Main types of Finance

It takes money to make money. So what sort of finance options are out there? Here are the types of finance that fund most businesses.

1. Debt (loans)

term loan

A lump sum repaid over a fixed time.

liNE Of credit / credit card

Funds that are available to use when needed

PEER-TO-PEER LENDING

A crowdfunded loan

FRIENDS AND FAMILY

When those close to you lend you money

Invoice financing

An advance on the invoices you’ve issued

2. Equity financing (investors)

Equity crowdfunding

Where the public can invest in your business

Angel investors

Individuals who invest their own money

Venture capital

Professional investment groups

Friends and Family

When those close to you buy into business

3. Others

The type of finance you choose matters

When you’re desperately keen to buy, start or grow a business, you may feel like any finance will do. Don’t fall into that trap. Choosing the wrong type of finance could break your business later, or severely hamstring it.

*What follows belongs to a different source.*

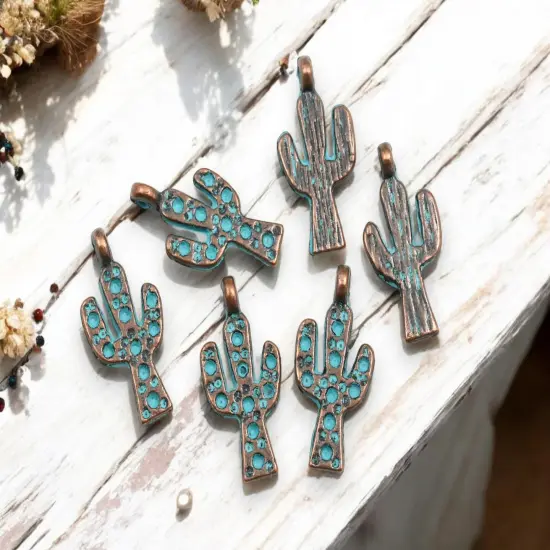 *100* 20x10mm Copper Patina Cactus Charms {2}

Each finance type has its own pros and cons. Use this guide to learn about them. Ask which suits your business, and you as a person – because that matters too. 

Begging, borrowing and bootstrapping

Some businesses don’t require a lot of money or capital at the outset. For example, you might only need a laptop and an internet connection if you’re offering a home-based service like proofreading or bookkeeping.

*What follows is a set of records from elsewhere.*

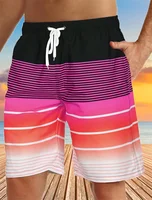 New Men's Beach Shorts Fun 3D Striped Print Swim Trunks Fashion Summer Loose Casual Pants Boy Girl Unisex Gym Board Shorts 2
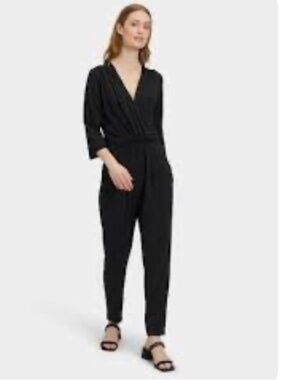 Veronica M. Black Wrap-Front Jumpsuit with 3/4 Sleeves size Small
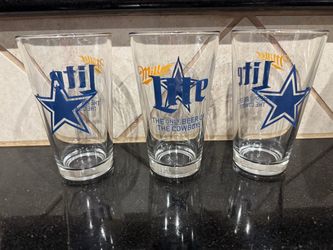 Miller Lite Dallas Cowboys Pint Glasses Set of 3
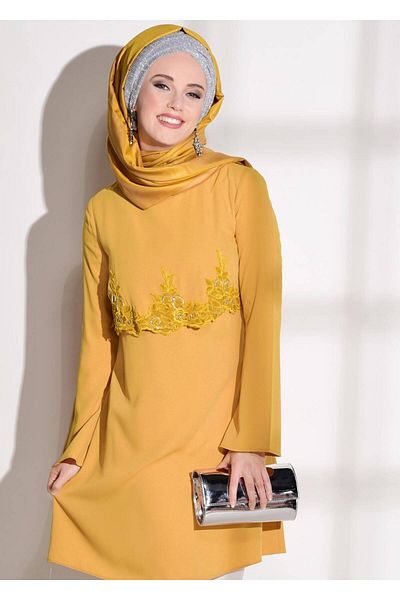 TRENDTESETTÜR Women's Orange (MUSTARD) Guipure Detailed Tunic 4430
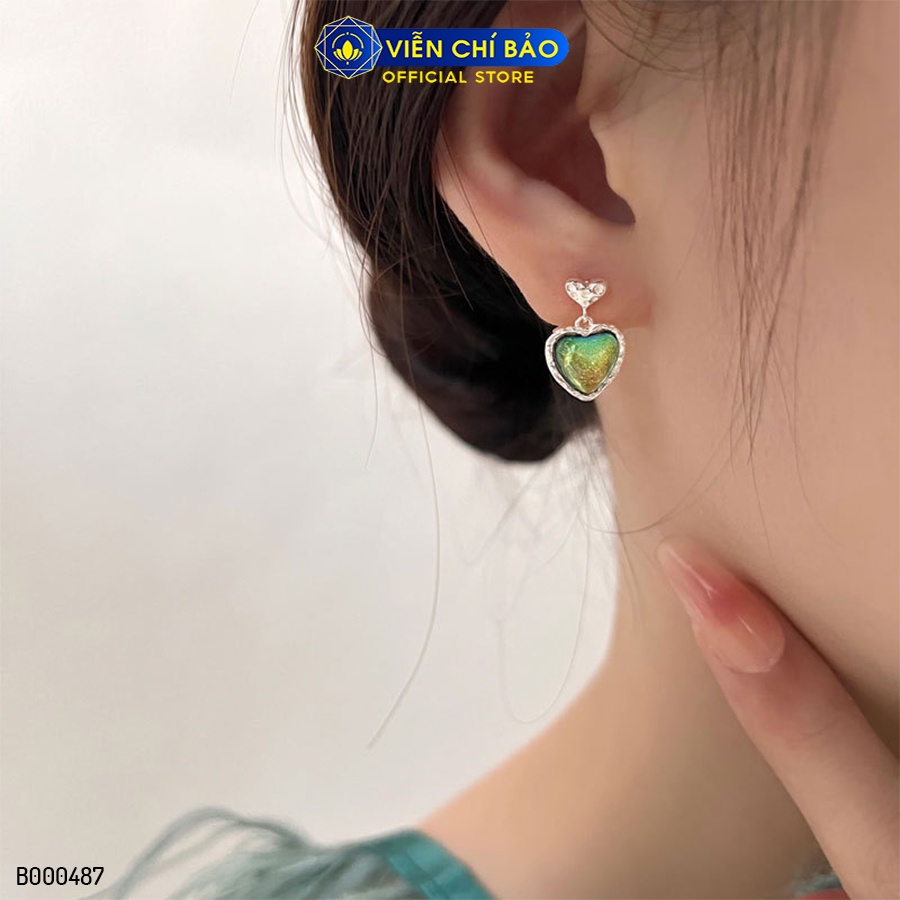 Bông tai bạc nữ trái tim đá đa sắc chất liệu bạc 925 thời trang phụ kiện trang sức Viễn Chí Bảo B000487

Other businesses start out really small, with minimal money, and build slowly. This is often called bootstrapping. In these cases, it’s common for owners to cobble together their own finance through personal savings, personal loans, or taking extra shifts at their day job. Even if you’re doing that, it’s worth knowing about the types of finance out there. You may just need an extra injection of cash down the road to get the business truly humming.